Flink Treats Batch as Streaming for Unified Low-Latency Processing

Unify Batch and Streaming to Eliminate Latency and Dual Systems

Real-world data like user clicks, views, and purchases arrives as continuous unbounded streams, but traditional batch processing dumps events into hourly files, introducing up to 60-minute latency—critical for recommendation engines where recent user behavior (e.g., hiking gear searches) must immediately influence suggestions like tents, not laptops. Streaming systems like Storm or Kinesis process events in milliseconds but require separate codebases from batch jobs (e.g., Hadoop/MapReduce), leading to sync issues, duplicate logic, and reconciliation bugs.

Flink resolves this by treating bounded datasets as finite streams that have ended: a 5-year historical dataset is a stream started years ago and stopped today. Point the same Flink job at recent Kafka events for real-time recommendations or historical data for nightly retraining. This shares operators, clusters, and code, avoiding Lambda Architecture's two-system pain. Alibaba processes hundreds of billions of events daily across tens of thousands of machines; Netflix uses it for near-real-time anomaly detection; Uber built its analytical platform on it.

Build Stateful Pipelines with Operators, State, and Windows

Flink jobs form a dataflow DAG of sources (e.g., Kafka reads), operators (transformations like filtering bots or enriching metadata), and sinks (e.g., Redis writes). Every operator runs in parallel across cluster machines: set parallelism to 4 for a filter, and 4 subtasks process stream portions simultaneously, scaling to billions of events/day.

State is first-class for context across events—e.g., per-user hash map of recent views (append new item_id, trim >10min old). Flink manages state snapshots to durable storage, restoring on crashes without data loss. Windows slice infinite streams into finite chunks for aggregations: tumbling (non-overlapping, e.g., hourly), sliding (overlapping, e.g., 30min window every 1min), or session-based. Example for recommendations:

searches = readFromKafka("search-events")
clicks = readFromKafka("click-events")
userActivity = (searches + clicks)
  .keyBy(userId)
  .window(slidingWindow(size=30min, slide=1min))
  .aggregate(activityAggregator)  // {userId, recentQueries, recentClicks}
userState = userActivity.asyncMap(callUserTowerModel)  // embedding vector
// ... merge ANN/trending candidates, rank top 100, writeTo(redis)

This computes rolling user features, embeddings, ~1000 candidates (500 ANN + 200 trending, deduped), fetches features, and ranks in seconds per user.
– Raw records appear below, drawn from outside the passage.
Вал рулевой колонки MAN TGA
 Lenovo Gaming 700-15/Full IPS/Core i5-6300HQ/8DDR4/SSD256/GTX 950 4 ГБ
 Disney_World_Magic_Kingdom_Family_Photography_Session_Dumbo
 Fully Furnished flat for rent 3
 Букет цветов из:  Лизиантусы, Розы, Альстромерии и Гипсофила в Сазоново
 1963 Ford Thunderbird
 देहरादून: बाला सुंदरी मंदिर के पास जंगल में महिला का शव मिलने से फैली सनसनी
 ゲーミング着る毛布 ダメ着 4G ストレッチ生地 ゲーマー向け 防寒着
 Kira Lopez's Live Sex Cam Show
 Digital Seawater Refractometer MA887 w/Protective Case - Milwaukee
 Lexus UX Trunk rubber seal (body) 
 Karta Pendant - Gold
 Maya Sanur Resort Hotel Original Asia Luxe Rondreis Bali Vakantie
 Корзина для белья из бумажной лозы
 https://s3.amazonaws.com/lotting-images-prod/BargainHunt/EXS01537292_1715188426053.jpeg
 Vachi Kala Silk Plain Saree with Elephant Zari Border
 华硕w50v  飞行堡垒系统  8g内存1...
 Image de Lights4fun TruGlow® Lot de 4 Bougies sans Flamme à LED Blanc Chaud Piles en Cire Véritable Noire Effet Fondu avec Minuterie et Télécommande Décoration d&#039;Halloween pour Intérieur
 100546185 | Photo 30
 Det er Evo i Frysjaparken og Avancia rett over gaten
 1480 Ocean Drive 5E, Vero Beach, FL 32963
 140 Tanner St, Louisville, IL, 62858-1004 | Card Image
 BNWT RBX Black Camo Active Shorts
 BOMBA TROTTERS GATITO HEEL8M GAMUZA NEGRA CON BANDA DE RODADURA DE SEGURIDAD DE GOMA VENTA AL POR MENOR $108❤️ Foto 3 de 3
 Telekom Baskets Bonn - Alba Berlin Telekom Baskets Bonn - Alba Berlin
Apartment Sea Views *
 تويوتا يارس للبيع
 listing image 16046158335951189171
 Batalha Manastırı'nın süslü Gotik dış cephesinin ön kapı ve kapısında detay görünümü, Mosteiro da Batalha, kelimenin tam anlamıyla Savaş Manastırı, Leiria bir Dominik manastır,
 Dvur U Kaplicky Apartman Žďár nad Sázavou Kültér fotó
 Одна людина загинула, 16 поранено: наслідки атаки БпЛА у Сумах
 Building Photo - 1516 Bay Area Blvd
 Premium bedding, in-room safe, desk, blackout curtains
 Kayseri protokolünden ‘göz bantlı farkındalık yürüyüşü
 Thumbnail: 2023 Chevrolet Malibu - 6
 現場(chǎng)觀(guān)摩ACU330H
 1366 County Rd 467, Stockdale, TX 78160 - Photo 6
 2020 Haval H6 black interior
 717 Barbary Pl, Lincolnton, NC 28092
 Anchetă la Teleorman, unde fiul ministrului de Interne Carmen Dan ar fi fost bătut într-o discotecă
Exactly-Once Guarantees via Lightweight Checkpoints

Flink ensures state updates apply exactly once, even on failures: periodic checkpoints snapshot operator state using Asynchronous Barrier Snapshotting (ABS). Barriers flow like records; operators snapshot on receipt and forward without pausing. On crash, rollback to last checkpoint, replay only post-checkpoint input (bounded by checkpoint interval, tunable). Partial re-execution avoids full restarts. Batch jobs use the same runtime but with blocked data exchange (upstream finishes before downstream starts), confirming no separate batch engine needed.